This brings to mind something I once heard: “If it can’t be preached at the gates of Auschwitz it ought not to be preached from the pulpit!” [3] It’s no easy answer for any theological viewpoint, but I would wager a bet that if Tim Keller were to visit Auschwitz and were to be asked, “Where was God?” Calvinist Keller would suddenly be retired and Arminian Keller would quickly pop to the forefront and adopt Arminian language of “free-will being abused.” Why do I think this? Because I think Keller is too good of a man not to retire his Calvinist theology in such a setting– a theology that requires him to believe every Nazi thought, evil desire and action committed at Auschwitz was irresistibly decreed by God in eternity past for his glory.

As alluded to before if a belief system can’t publicly answer the most difficult, painful questions about life and loss, without the very holy and righteous character of God being besmirched beyond recognition (God conceived and decreed all evil), then we ought to toss it in the waste bin of history and go back to the drawing board.

In returning to the public interview above on why some people can’t be saved, I would like to think the real reason Keller chose not to un-sheath his Calvinist sword was because he had too much integrity to actually be fully integrous and consistent to his privately held Calvinist beliefs. In other words I think Keller intuitively knows something is woefully amiss with Calvinist soteriology and sovereignty, but he can’t bring himself to admit it in his private Calvinist chambers.

As such my principal problem with Keller is that he conveniently double-deals in Arminianism phraseology and theology when pressed in public, but disavows and disclaims Arminianism in private when safe. This is epidemic in Calvinism today!

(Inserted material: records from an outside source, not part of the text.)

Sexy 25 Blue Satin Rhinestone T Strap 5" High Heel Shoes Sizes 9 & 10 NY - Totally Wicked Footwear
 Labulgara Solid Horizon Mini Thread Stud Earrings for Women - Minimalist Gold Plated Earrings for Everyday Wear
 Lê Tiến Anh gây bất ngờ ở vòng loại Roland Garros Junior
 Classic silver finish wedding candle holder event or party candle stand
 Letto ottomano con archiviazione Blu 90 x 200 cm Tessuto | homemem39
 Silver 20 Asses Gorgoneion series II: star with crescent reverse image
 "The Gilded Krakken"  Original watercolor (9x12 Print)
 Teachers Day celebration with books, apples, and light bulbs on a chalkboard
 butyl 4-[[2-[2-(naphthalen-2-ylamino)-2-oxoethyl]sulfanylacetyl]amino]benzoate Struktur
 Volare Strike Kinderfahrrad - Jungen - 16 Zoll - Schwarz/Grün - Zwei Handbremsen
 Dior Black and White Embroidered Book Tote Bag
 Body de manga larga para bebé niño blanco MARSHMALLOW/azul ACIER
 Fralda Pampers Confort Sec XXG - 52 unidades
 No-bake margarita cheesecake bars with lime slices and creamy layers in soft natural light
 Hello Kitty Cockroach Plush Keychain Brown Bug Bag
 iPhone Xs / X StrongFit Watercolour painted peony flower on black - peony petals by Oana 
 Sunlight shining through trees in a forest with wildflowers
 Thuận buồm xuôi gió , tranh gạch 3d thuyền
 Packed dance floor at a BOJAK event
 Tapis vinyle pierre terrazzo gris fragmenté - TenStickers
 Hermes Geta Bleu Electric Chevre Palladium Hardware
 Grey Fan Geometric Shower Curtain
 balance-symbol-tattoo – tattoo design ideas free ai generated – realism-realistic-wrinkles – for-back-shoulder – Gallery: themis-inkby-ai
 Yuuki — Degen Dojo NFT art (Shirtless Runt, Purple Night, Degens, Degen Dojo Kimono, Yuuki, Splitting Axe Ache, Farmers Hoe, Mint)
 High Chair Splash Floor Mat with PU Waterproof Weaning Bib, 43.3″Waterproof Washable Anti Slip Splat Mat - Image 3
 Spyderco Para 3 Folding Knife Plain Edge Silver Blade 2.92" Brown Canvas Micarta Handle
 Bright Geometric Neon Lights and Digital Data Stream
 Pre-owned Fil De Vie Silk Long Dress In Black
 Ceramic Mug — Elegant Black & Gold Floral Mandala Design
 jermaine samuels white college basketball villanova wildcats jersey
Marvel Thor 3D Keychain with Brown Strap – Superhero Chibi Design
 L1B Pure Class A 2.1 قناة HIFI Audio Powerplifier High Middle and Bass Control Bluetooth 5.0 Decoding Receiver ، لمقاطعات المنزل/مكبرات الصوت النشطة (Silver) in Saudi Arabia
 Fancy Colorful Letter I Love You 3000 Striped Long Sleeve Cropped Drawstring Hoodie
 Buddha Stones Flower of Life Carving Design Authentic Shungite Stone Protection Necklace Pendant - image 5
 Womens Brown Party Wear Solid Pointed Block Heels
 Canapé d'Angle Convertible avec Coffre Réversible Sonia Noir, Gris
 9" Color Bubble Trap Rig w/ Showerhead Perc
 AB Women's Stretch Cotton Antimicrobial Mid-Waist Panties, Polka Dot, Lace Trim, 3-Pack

Articulate speakers do create followers and I am concerned that many young people are becoming attracted to Reformed/Calvinist theology without a clue as to the darker, sinister aspects of Calvinism (i.e. God sovereignly and irresistibly decreed all your God-dishonoring, destructive sin).

Most initiates eventually become so enamored with their “Calvinist heros” that they end up becoming assimilated into doctrinal teaching that they probably would have “spat out” had they not become so smitten with their Calvinist heros: “Well, gosh…it’s hard to swallow the doctrine that Jesus didn’t die for all humanity, that he doesn’t redemptively love all humanity, and that God decreed all my sinful and evil choices, but if a smart guy like Keller believes it– it must be true!”

In that sense Keller is a great “poster boy” for contemporary Calvinism because he can represent it in name while simultaneously refusing to be upfront and forthright with Calvinism’s horrific logical and theological implications. Bad theology always survives by clothing itself in the garb of good theology whenever convenient in order to keep the controversial dissimilarities as hidden as possible from public view.

Because I really do appreciate so much of what Keller writes and shares, and believe his voice is credible and needful in so many ways, I long for the day Keller sees his Calvinism as both a liability to the gospel and a libel against the character of God.

P.S. In the first video Keller does ask some questions of an Arminian perspective that are worth looking into further. I hope to post on this later. For starters here is a good place to commence. 

[1] http://www.desiringgod.org/resource-library/conference-messages/is-god-less-glorious-because-he-ordained-that-evil-be

[2] For a thorough rebuttal of Piper’s attempt to justify all sin and evil being authored and grounded in God’s will of decree I would highly recommend: http://arminianperspectives.wordpress.com/2012/03/13/john-piper-on-god-ordaining-all-sin-and-evil-part-1-an-arminian-response-to-pipers-first-question/

[3] I believe it may have been Roger Olson who first said this.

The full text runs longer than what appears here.